Desta terra, não quero nem o pó

15 de outubro de 2021 0 Por Leandro Marçal

Zapeando na tevê por assinatura, parei quase no fim de um filme repetido. Como bom entusiasta do cinema nacional, o guia abaixo da tela avisando sobre a exibição de Carlota Joaquina – Princesa do Brasil, lançado em 1995, me fez estacionar por ali mesmo.

Numa das últimas cenas, a protagonista que dá nome ao longa-metragem, interpretada pela sempre genial Marieta Severo, bate os sapatos antes de arremessá-los para o fundo do mar. Sem dó e com um portunhol mambembe, solta a clássica frase: “Desta terra, não quero nem o pó”.

Mistura de nojo da nossa gente com a vontade de nunca mais olhar para trás, para esse lugar de bárbaros, segundo sua visão colonizadora. Ela pode ter sido uma cretina, a Carlota Joaquina, mas seu desabafo, fictício ou não, já fez muito sentido em algum momento de nossas vidas. Da minha, pelo menos.

O sentimento de “não quero nunca mais pisar aqui” e “graças a deus não preciso mais olhar na cara dessa gente cretina”. Quem nunca? Depois da demissão, ao término do relacionamento, saindo da casa da família ou mesmo ao ser mal atendido no pequeno comércio de bairro. Que seja. A vontade de bater os tênis e não levar nem o pó daquela merda é grande.
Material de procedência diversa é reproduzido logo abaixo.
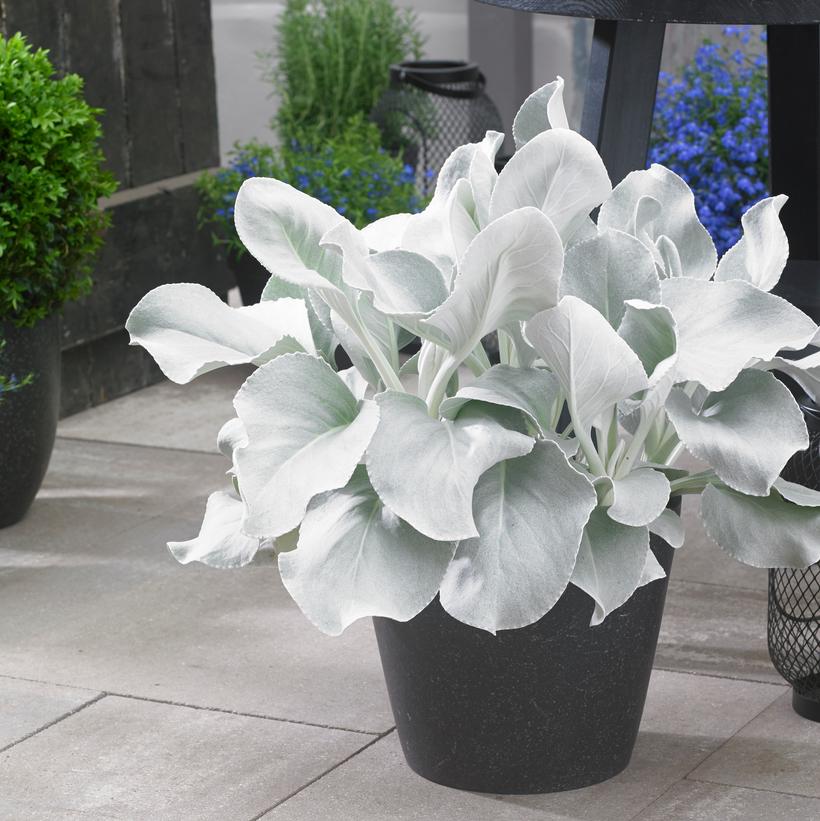 Angel Wings® Senecio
Outro dia, me senti ofendido ao visitar um casal de amigos. Me pediram para entrar descalço porque tinham acabado de passar um pano na sala. “Como assim? Trago dos pés à cabeça meus erros e acertos como parte da minha história e limpar o chão é tão corriqueiro”, pensei. Dei uma de desentendido e não mostrei minhas meias pretas e furadas. O constrangimento foi rápido, valeu a visita e não sujei o chão.

Na hora de ir embora, pode ser diferente. Quando não queremos olhar para trás, o medo é pior do que virar estátua de sal. Dá vontade de bater os calçados, queimar a roupa, apagar da memória, explodir o lugar e fazer sumir as indesejadas das gentes. Sem remorso, sem dó, como uma Carlota Joaquina injuriada, arremessando os traumas para bem longe.

“Nem o vento daqui presta”, brincou um amigo ao me visitar. Nascido e criado numa cidade mal vista, a piada é provocativa à minha terra mal planejada. Quando foi embora, se despediu cordialmente, encarando as ruas de dentro do ônibus. Prometeu voltar aqui no tradicional boteco de fim de ano.

Do pó viemos e ao pó voltaremos. É o que dizem. Mas para evitar a poeira do passado, faz bem lavar o tênis. E a camisa. E a calça. E a roupa toda.